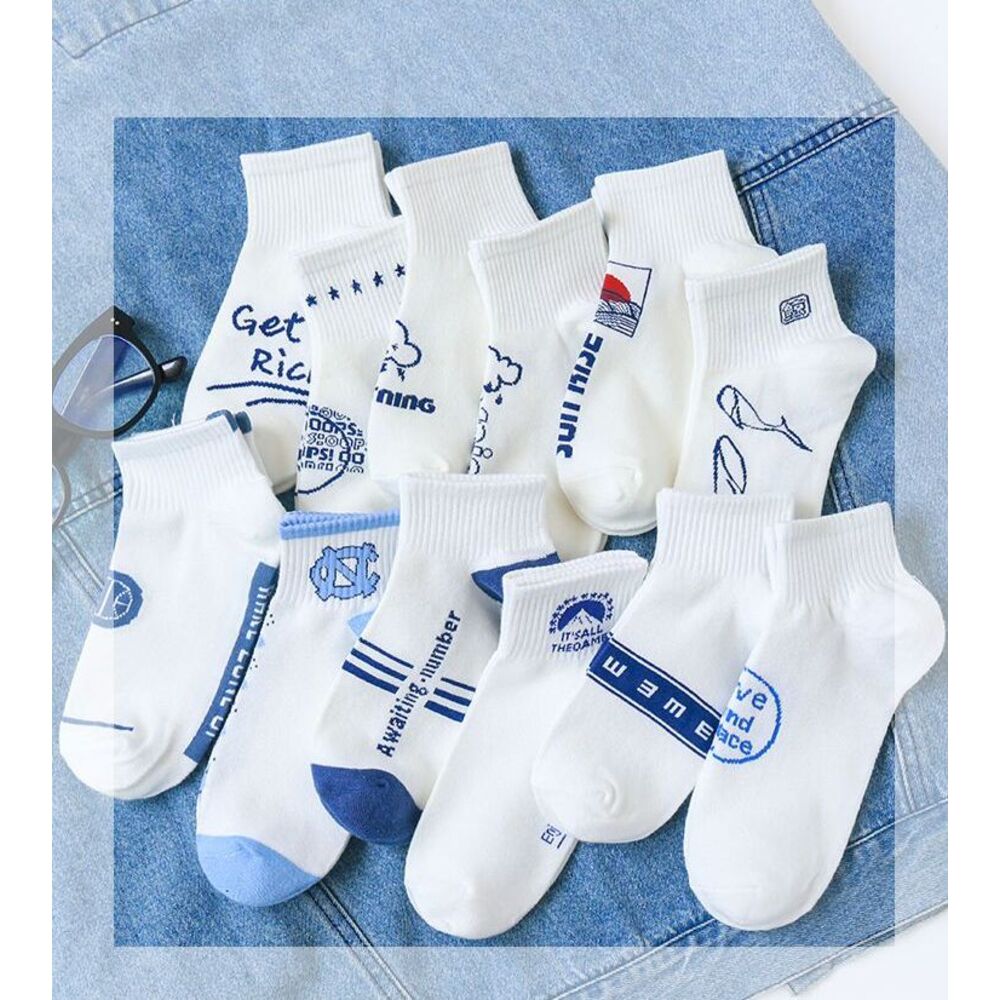 Bormnvedun style irregular socks, bought separately no delivery women socks Korean version of the women cute socks Japan Autumn Winter long tube socks Lady medium thick tube socks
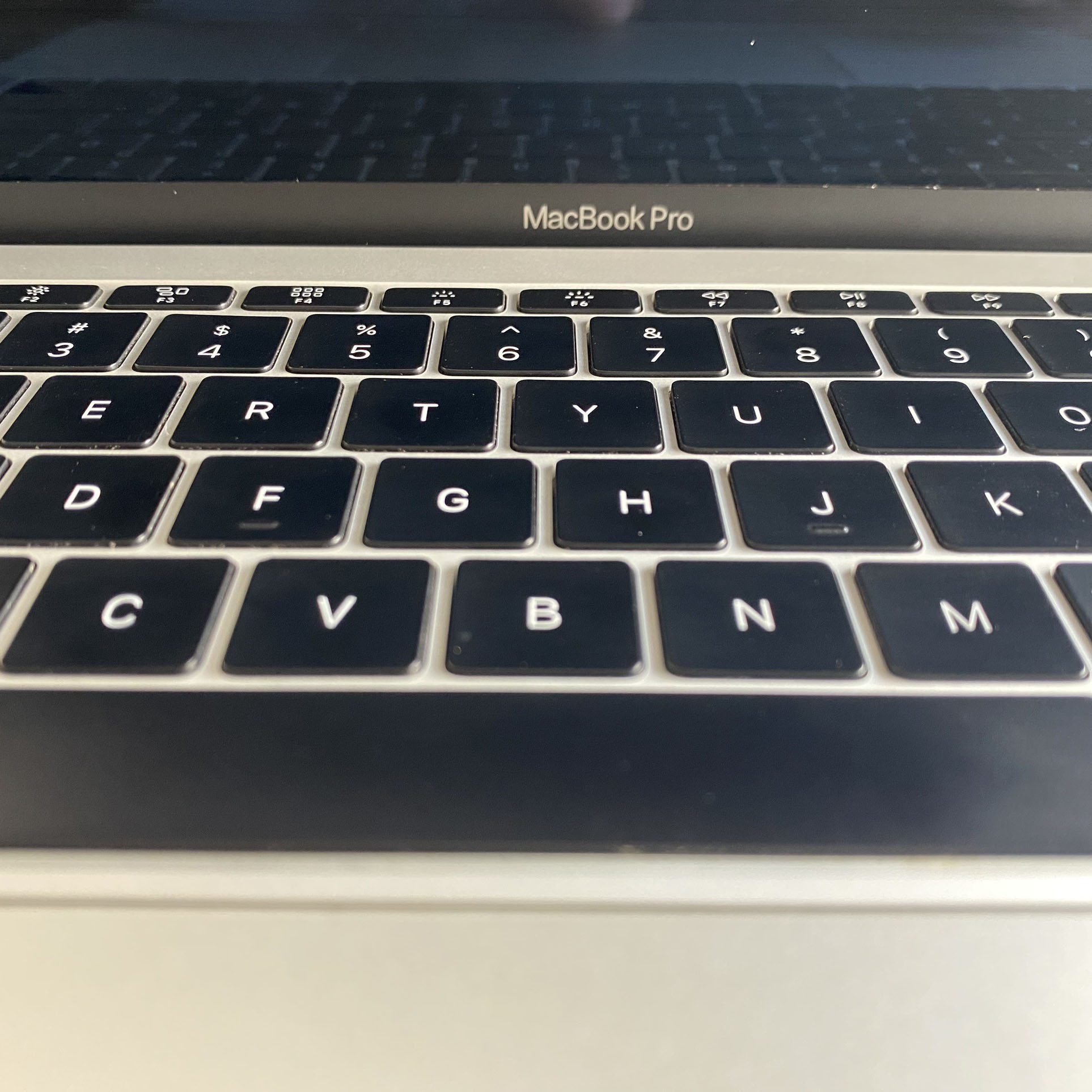 MacBook Pro (13-inch, 2017, Two Thunderbolt 3 ports) Core i5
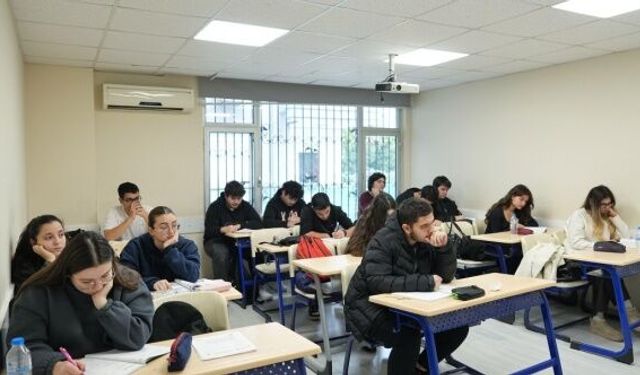Konyaaltı Belediyesi etüt merkezinde eğitim tüm hızıyla sürüyor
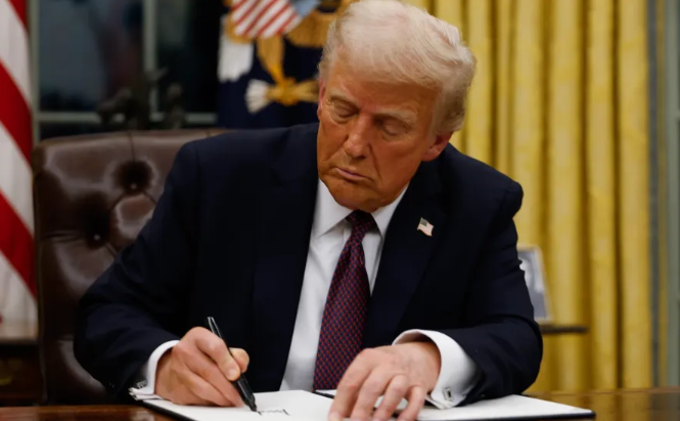 Ông Trump nêu 8 hành vi gian lận phi thuế quan, “thao túng tiền tệ” đứng đầu danh sách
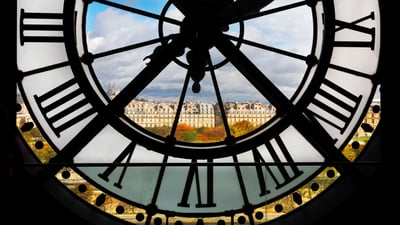 Bing wallpaper October 25, 2024. Vue de Paris à travers l'horloge géante du Musée d'Orsay, Paris (© Bruce Beck/Alamy Stock Photo)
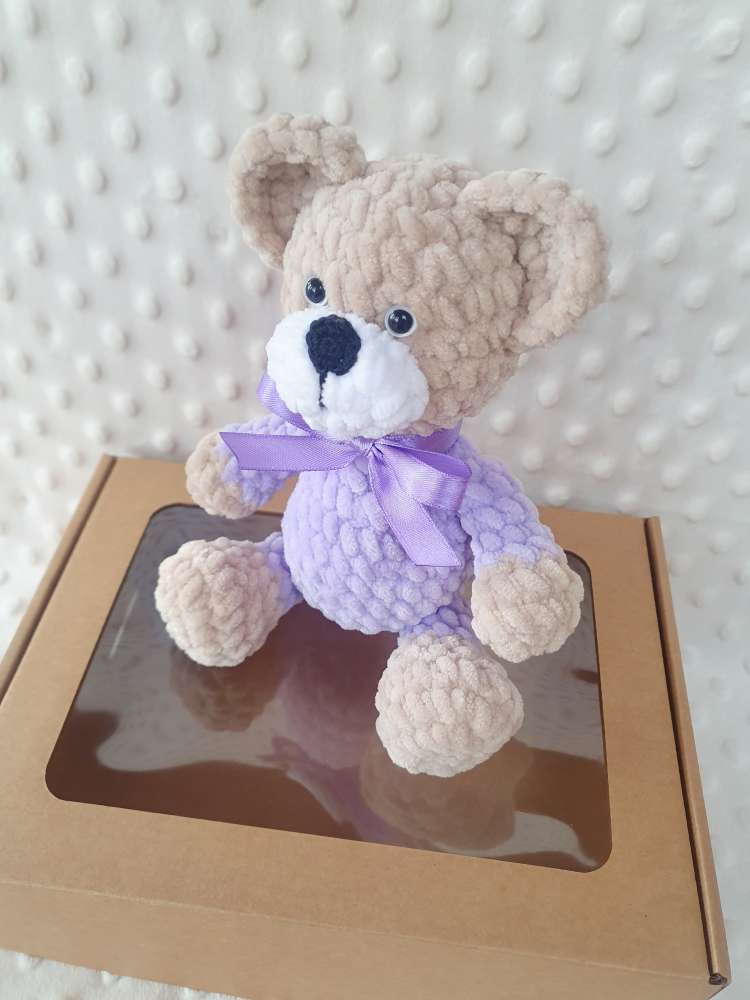Meškiukas dovanų dėžutėje, dydis 18 cm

ACTION ITEM: Write out an exact copy of the lines beginning at the line that contains "Bing wallpaper October" and ending at the last line of the listing. Exclude pictures.

THE COMPLETED TASK:
 Bing wallpaper October 25, 2024. Vue de Paris à travers l'horloge géante du Musée d'Orsay, Paris (© Bruce Beck/Alamy Stock Photo)
Meškiukas dovanų dėžutėje, dydis 18 cm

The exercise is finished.